Su broma fue celebrada con discretas risas. Mientras hablaba, hojeó deprisa el libro y acto seguido orientó sus páginas hacia Sofía, a la altura de su cara, de manera que sólo ella podía leerlas.

– Voy a dejar correr deprisa las páginas de este libro a partir de la primera. Tú dime con un «ya» cuándo quieres que me detenga y paro en esa página, ¿has entendido? Muy bien, Sofía, empecemos.

Entre sus dedos dejó correr el flujo de páginas y, transcurrido apenas un segundo, se detuvo a una orden de Sofía, más o menos hacia el centro del libro. Gabriel tenía la cara medio tapada por las tapas del libro y ciertamente no podía ver esa página.
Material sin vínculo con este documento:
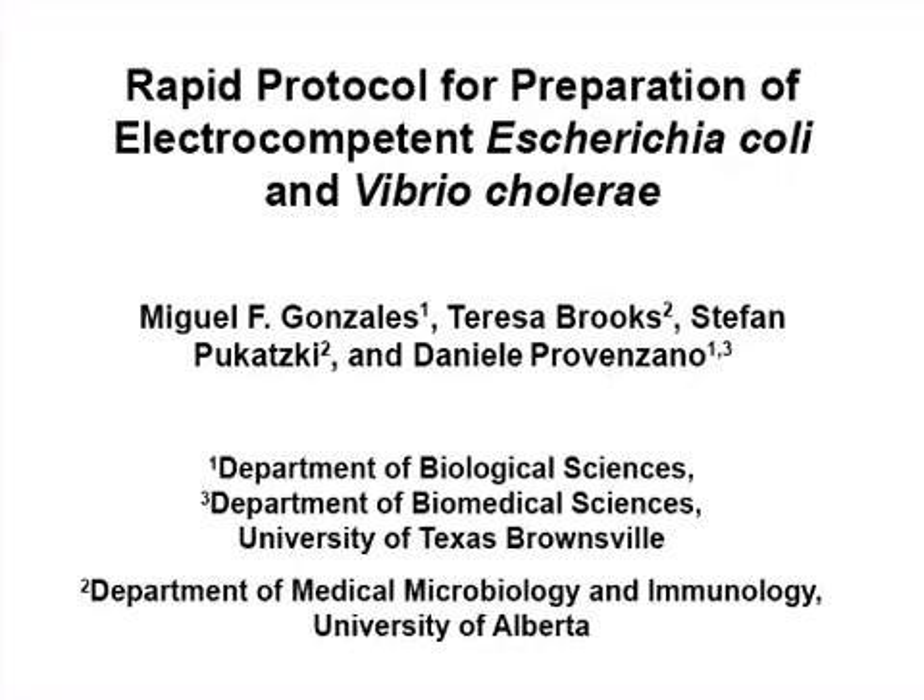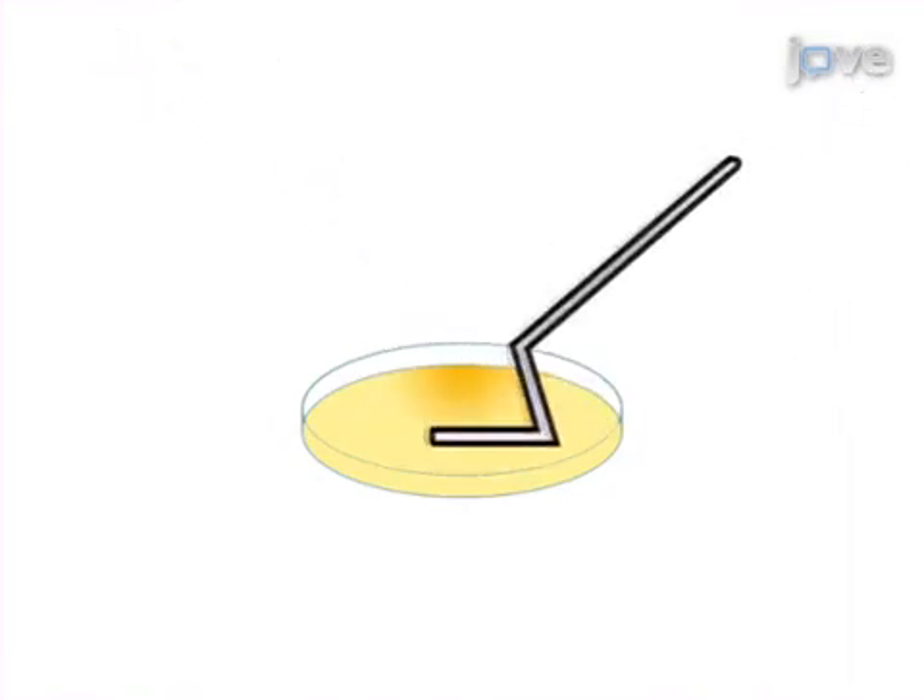The overall goal of this procedure is to generate competent bacteria rapidly and conveniently on the same day they are needed for transformation. This is accomplished by first plating the bacteria on LB agar and incubating them for four to six hours. Next, the bacterial lawn is carefully harvested from the surface of the agar and the pellet is resuspended in sterile cold water or buffer.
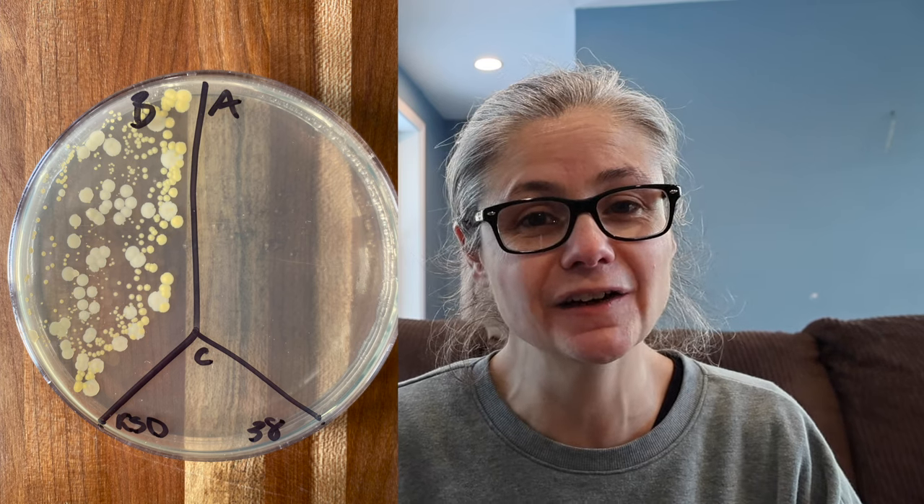The kitchen sink drain: in the before section we can see a lot of bacteria, and I like this sample because we can see different types of bacteria as well. In the after section we have no bacterial growth at all. So the Windex Multi-Surface Disinfectant Cleaner did an excellent job of removing bacteria from my kitchen sink drain.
– ¿Puedes decirme qué página es, Sofía?

– La trescientos treinta y uno.

– Bien, fíjate en la primera palabra. ¿Lo has hecho?

– Sí.

– ¿Empieza por la letra ce?

– ¡Sí!

– ¿Es la palabra… carruaje?

Esta vez la joven dejó escapar un gritito de júbilo y admiración. Mientras enseñaba el libro al público de las primeras filas, para que comprobasen el acierto (Andy y yo pudimos ver que, en efecto, la primera palabra era carruaje), el público rompió a aplaudir.

Era sorprendente. No obstante, había algo sospechoso en su número. ¿Para qué necesitaba hojear antes el libro? ¿Para qué necesitaba sostenerlo? Más espectacular habría resultado si ni siquiera el libro escogido por Sofía hubiera pasado por sus manos, o si ella se hubiese situado a una distancia en la que fuera imposible leer una palabra, manteniendo igual el resto del procedimiento.

Andy me cedió el caramelo y me dio un ligero empujón para invitarme a salir a escena. No lo dudé. Avancé entre la gente, tomé un grueso libro de Balzac y se lo tendí. Le pedí en voz alta y con gran cortesía que lo repitiera. No había previsto repetirlo pero, por no desairarme, accedió.

Actuó de idéntica manera: echó un rápido vistazo al libro mientras comentaba algo, pero esta vez no me dejé distraer por sus palabras y seguí la dirección de sus ojos. Me pareció ver que se detenía un instante en la parte superior de una página central, hecho lo cual orientó el libro hacia mí; observé que sus dedos estaban en contacto con la base de las hojas. Repitió las instrucciones antes de dejar correr las hojas. Y en lugar de esperar un instante, como Sofía, me precipité a exclamar «¡stop!». No se detuvo en ese preciso instante, sino que -simulando un leve retardo- aún dejó pasar un buen fajo de páginas y abrió el libro por el centro, justo en la hoja que había reservado con la uña. Sin duda, la página cuya primera palabra leyó velozmente al principio.

No había tiempo para pensar. Me dispuse a delatar en público el fraude, pero algo me lo impidió: el cuchillo frío de sus ojos.

Me había descubierto, nos habíamos descubierto. En una fracción de segundo hubo un intercambio invisible de información a velocidad de relámpago. Su mirada cargó una amenaza tan intensa y perturbadora que mi estómago se encogió y quedé paralizado.

Entonces experimenté algo así como un secuestro emocional. Sin mediar palabra, sin contacto físico, desde su posición de poder me anuló. Me vi ante un público hostil a mis intenciones, un público rendido a él. Me sentí avergonzado, humillado, miserable. No podría explicar qué me despojó de la voluntad, qué sugestión invisible selló mis labios. Me temblaron las rodillas. Le devolví el libro.